Look well to the condition of the brakes on your car before starting on a trip. See that they are in good shape even if you do not have time to look over the engine. The brakes are more important than the engine. It needs an engine in at least fair condition to get anywhere, but if you do not have brakes you may get too far—too eternally far.
Manufacturers of cars have recognized the importance of the brake appliances and have given considerable attention to the improvement of the brake, designing more efficient operating mechanism, increasing the size of the braking surface and improving the quality of the friction materials, and also in protecting the brakes from excessive wear due to grit and dragging of bands when not in use.
The brakes, moreover, on the average car of modern design, are sufficient for all general use, if used intelligently and if they are given a moderate amount of care. But like most other parts of cars, some owners give them no attention whatever, and consequently there is frequent failure and often it is a matter of life and death when the brakes refuse to work properly.
First of all, owners should understand that there are two sets of brakes on the car, which operate independently of each other, and each brake should be capable of holding the car at a standstill on practically any grade, or, as the chauffeur usually puts it, “sliding the wheels.”
A recent experience with a Ford car illustrates the need of the owner thoroughly understanding his braking system.
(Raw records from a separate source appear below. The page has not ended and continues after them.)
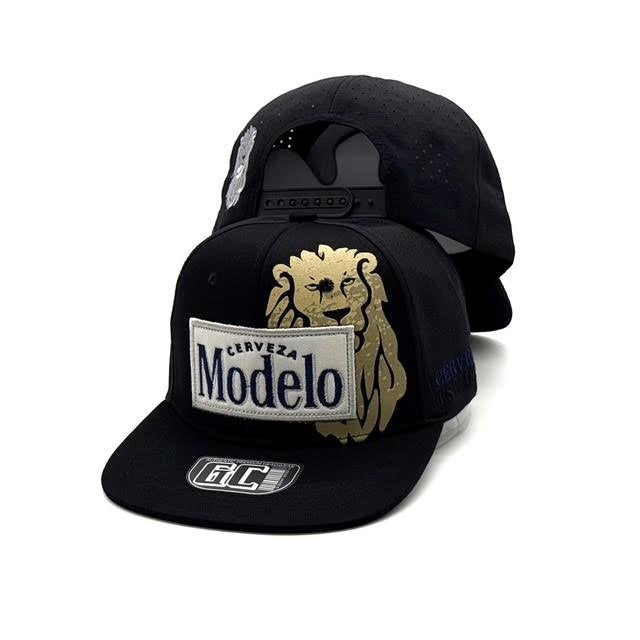 Modelo Cerveza lion snapback in black and gold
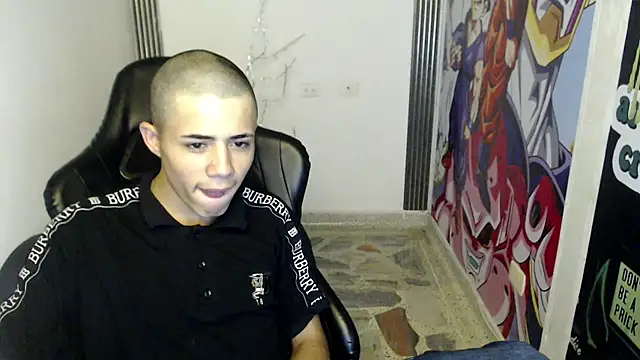 Snapshot of bby_santi chatting on 01/24/25, 04:39 bby santi online show from 01/24/25, 04:39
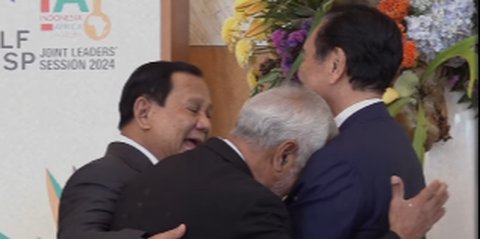 Keakraban PM Timor Lester Xanana Dirangkul Erat Prabowo Sambil Sandarkan Kepala ke Dada Luhut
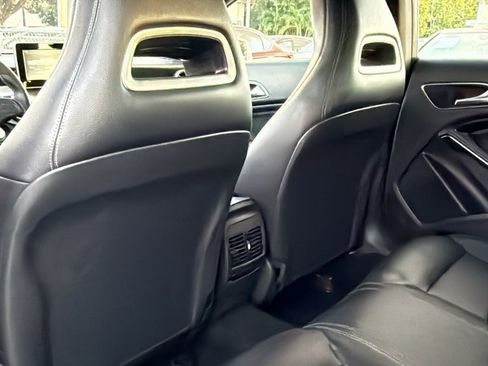 Used 2016 Mercedes-Benz CLA 250 image 16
This was a case of a new car where the owner had not yet become very familiar with the mechanism. He came to a very long and fairly steep hill. He released the clutch and applied the brake as he had been taught, and got about two-thirds of the way down the hill when the brake lining burned out and the brake no longer held the car. Then, because he forgot what he ought to do (or else did not know), the owner lost his head and thought he was going to smash, and of course did. The car ran into the ditch and upset, bent the front axle, broke the mud guards and top bows, and mixed things up generally, but fortunately no one was hurt.
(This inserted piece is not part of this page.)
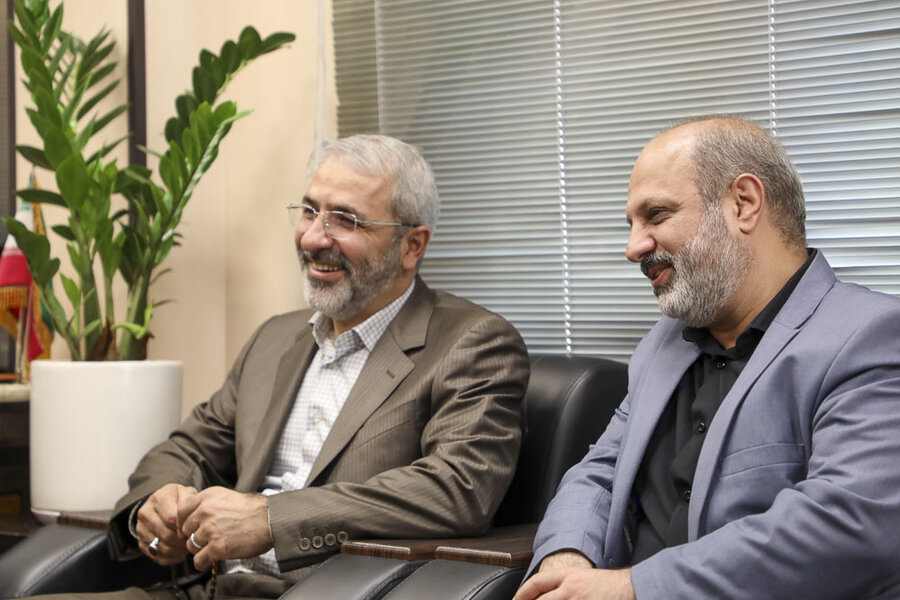 شهردار کرج صحبتهای شهروندان را شنید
This was all unnecessary, for on this particular car he had three other means of braking. He could have pushed the pedal which engages the low-speed gear and kept the car at low enough speed to negotiate the hill in safety. Or, he could have pushed the reverse pedal, which on this particular car would have acted as a very efficient brake. And, also, he might have applied the emergency brake, as on any other car.
As every car is equipped with two distinct sets of brakes, drivers should learn to use first one and then the other on long grades, and this may be helped out considerably by using the motor as a brake—that is, by cutting off the ignition and allowing the machine to push the engine under compression, and even more by engaging a lower gear before cutting off the ignition, so that there is a greater leverage obtained to retard the car. Likewise, long grades should be descended at a comparatively slow speed in cases where the brake is at all necessary, because the higher speed develops more heat and the brake lining is more likely to burn out.
Of course the brake lining has been improved so that it does not actually burn out very readily, but under extreme conditions it will become charred and lose its frictional qualities.
Perhaps one of the greatest causes of brake failure is oil. Now the oil which gets on the brakes usually works through the rear-axle housing from the differential gear. The owner may be a little too enthusiastic about lubrication and may put too much oil in the differential and it travels along the inside of the axle tube. The wheels are so placed on the axle that this oil can get out only by working over the wheel bearing and into the brake drum. It will often be noticed that the oil collects mostly on the right-hand brake. This is because the crown of the road, and perhaps the ditch alongside of the road which is used in passing other cars, tilts the car so that the right-hand wheel is lower than that on the left-hand side. Even where too much lubricant is not used, it seems that some cars have a tendency to leak oil from the right-hand wheel housing.
Usually this trouble may be overcome by taking a long, thin strip of hard felt of the proper thickness to fill the space between the axle shaft and the axle housing, and winding around the shaft in helical form, so that the action, when the shaft is turned, is to force the oil back toward the differential. Of course, if the felt is not wound in the right way it would have the opposite tendency and draw the oil out into the wheel bearing.